If we were to listen in on these debates or to people describing the different styles of worship that churches practice, we may hear more traditional churches described as having a liturgical style of worship. In most cases, people who speak about a liturgical style of worship are referring, in reality, to a formal order of service with many set elements and a certain fixed nature to what is done in corporate worship. What such individuals may not be aware of is that there is really no such thing as a nonliturgical style of worship. The word liturgy simply means “order of service,” and every worship service has an order that is followed regardless of whether it is outlined in the church bulletin or prayer book.

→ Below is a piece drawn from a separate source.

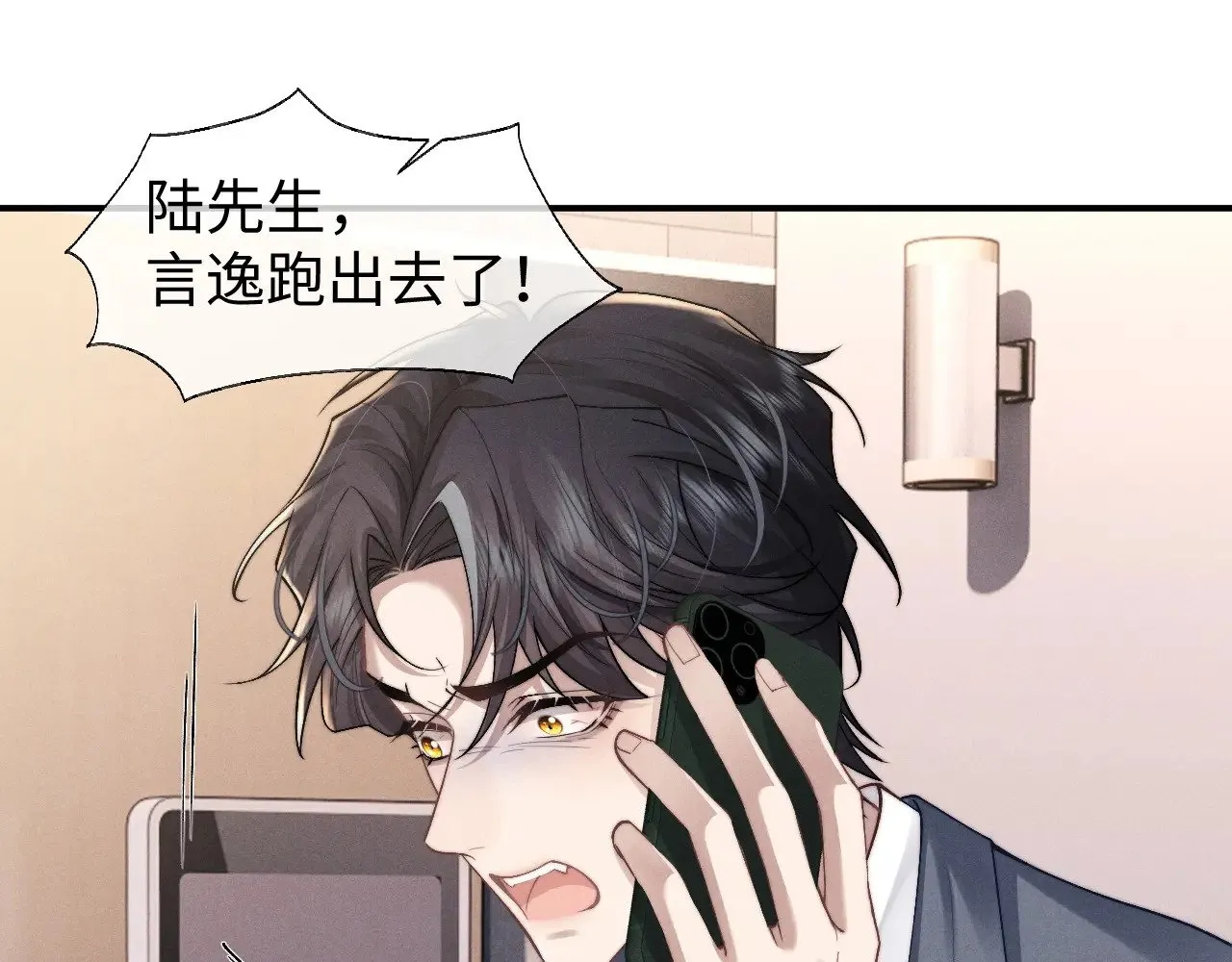第113话56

In any case, when we are thinking about worship, we must not confuse formal worship with formalism. A church can have authentic worship that is quite formal and structured, but a church that engages in formalism has only the outward aspects of worship and not the engagement of the people’s hearts and minds in true praise of God. Formalism is the lack of engagement of heart and mind that we described a few days ago. This is the worship that consists merely of “going through the motions,” and to be fair, it is not a problem only for churches that worship according to a more traditional pattern. A church may have a liturgy that, looking in from the outside, seems quite informal but in which people nevertheless simply go through the motions, passing the time until they can leave and get home.

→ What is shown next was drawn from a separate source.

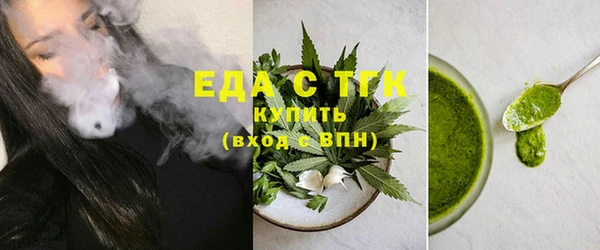 2c-b Абинск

As we see in today’s passage, formalism has been a perennial problem for God’s people. In Jeremiah’s day, the nation of Judah as a whole trusted in the outward forms of religion such as the temple, believing that the mere presence of these things would guarantee God’s favor. They treated holy things as mere talismans or good luck charms (Jer. 7:1–4). But their hearts were not really engaged in worship, as seen in their mistreatment of those whom the Lord said they had to protect (vv. 5–7). Formalism is a problem of the heart, and only a change of heart can turn those who engage in rote worship into true worshipers of God.
Church leaders cannot change our hearts, but they can help us avoid formalism by explaining what we do in worship and why. When we do not know the reasons and meaning for the different elements in the liturgy, we will easily disengage from it and think on other things.As church leaders explain elements of worship and encourage others to do the same, we are encouraged to be more aware of what we are doing and to put our hearts and souls into our praise of the Lord.